Seems to be in good ridable condition.  Mainly all original apart from the wheels.
 Thanks


----------



## bricycle (Sep 4, 2013)

Sent a pm... don't wanna get the natives restless.


----------



## Coaster Brake (Sep 4, 2013)

The catalog page I found said they sold for $65 new.
So since it's just an old wore out piece of junk I'll give you $20 for it.


----------



## rubblequeen (Sep 4, 2013)

Coaster Brake said:


> The catalog page I found said they sold for $65 new.
> So since it's just an old wore out piece of junk I'll give you $20 for it.




If you make it $25 we've got a deal.  Oh no! Just realised you were joking  
Or did you leave two zero's off the end by mistake????


----------



## MrColumbia (Sep 4, 2013)

rubblequeen said:


> Hi i have a chance to pick one of these up but not sure what I should be paying.  Any ideas?
> Seems to be in good ridable condition.  Mainly all original apart from the wheels.
> Thanks




$0 to $2,000 or any ware in-between or possibly more.
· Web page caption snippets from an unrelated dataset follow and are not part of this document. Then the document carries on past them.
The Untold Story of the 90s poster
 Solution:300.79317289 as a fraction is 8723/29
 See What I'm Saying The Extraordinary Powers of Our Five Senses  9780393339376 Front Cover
Post pictures or it's just a guess.


----------



## GiovanniLiCalsi (Sep 4, 2013)

http://bsamuseum.wordpress.com/1918-columbia-military-model/
*http://bsamuseum.wordpress.com/*


----------



## hoofhearted (May 5, 2014)

*1918 Dayton Military*



GiovanniLiCalsi said:


> http://bsamuseum.wordpress.com/1918-columbia-military-model/
> *http://bsamuseum.wordpress.com/*





*HELP ... is there any scholarly-evidence that the 1918, Davis DAYTON Military Bicycle 
had it's brightwork painted to match the frame / fenders ... like the Columbia and Great 
Western Military-Models of 1918 ??

Is there anyone on board that has documentation of the color of the Dayton Military Bicycle of 1918 ... 
the two I have seen are satin or gloss black.*


Thank you for any information.... 

.... patric cafaro


==============================================================================
==============================================================================


----------